Asuka no Suika, form the series "Eight Scenes of Edo (Koto hakkei)"
- Date:
- c. 1781
- Medium:
- Color woodblock print; chuban
- Source:
- Art Institute of Chicago
Description
Asuka no Suika, from the series Eight Scenes of Edo (Koto hakkei), is a 1776 Torii Kiyonaga design that adapts the venerable eight-views (hakkei) tradition — originally associated with the Chinese Xiao and Xiang rivers and Japanized at Lake Biwa as Omi hakkei — to the topography of Edo. The Koto hakkei series identifies eight celebrated sites in the shogunal capital, each paired with a seasonal or atmospheric subtitle in the manner of the classical hakkei poems.
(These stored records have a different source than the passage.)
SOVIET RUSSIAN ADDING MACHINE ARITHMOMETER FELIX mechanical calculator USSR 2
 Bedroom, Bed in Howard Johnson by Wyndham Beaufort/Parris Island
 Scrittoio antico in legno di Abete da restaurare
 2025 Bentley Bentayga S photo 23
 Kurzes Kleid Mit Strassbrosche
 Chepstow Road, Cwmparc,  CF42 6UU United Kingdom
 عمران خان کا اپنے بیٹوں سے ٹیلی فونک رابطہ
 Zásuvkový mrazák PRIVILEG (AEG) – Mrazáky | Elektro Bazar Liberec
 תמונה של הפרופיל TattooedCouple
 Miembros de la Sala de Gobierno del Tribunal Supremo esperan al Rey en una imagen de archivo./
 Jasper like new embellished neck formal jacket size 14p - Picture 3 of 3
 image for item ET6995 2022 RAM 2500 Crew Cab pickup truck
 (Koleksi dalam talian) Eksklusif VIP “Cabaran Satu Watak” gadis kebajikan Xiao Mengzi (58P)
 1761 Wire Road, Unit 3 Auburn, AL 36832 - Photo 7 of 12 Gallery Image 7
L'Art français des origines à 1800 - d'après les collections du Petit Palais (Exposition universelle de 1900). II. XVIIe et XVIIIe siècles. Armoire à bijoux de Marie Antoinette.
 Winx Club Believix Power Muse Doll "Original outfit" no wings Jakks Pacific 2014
Asuka, on the northern outskirts of Edo, was renowned for its cherry blossoms and ridge-top views, and Kiyonaga's sheet integrates fashionable women into the locale, fusing meisho with [bijin-ga](/glossary/bijin-ga) in the hybrid mode he favored through his early career. The print sits within the Torii school's broadening engagement with Edo topography under his leadership, an engagement that complemented the school's older kabuki-signboard practice. Kiyonaga's slighter figural style of 1776 — still close to Kitao Shigemasa — would within five years give way to the monumental forms of his great Sumida and Yoshiwara compositions; the Koto hakkei series belongs to the earlier moment of consolidation. The Art Institute of Chicago records this design among its early Kiyonaga meisho holdings.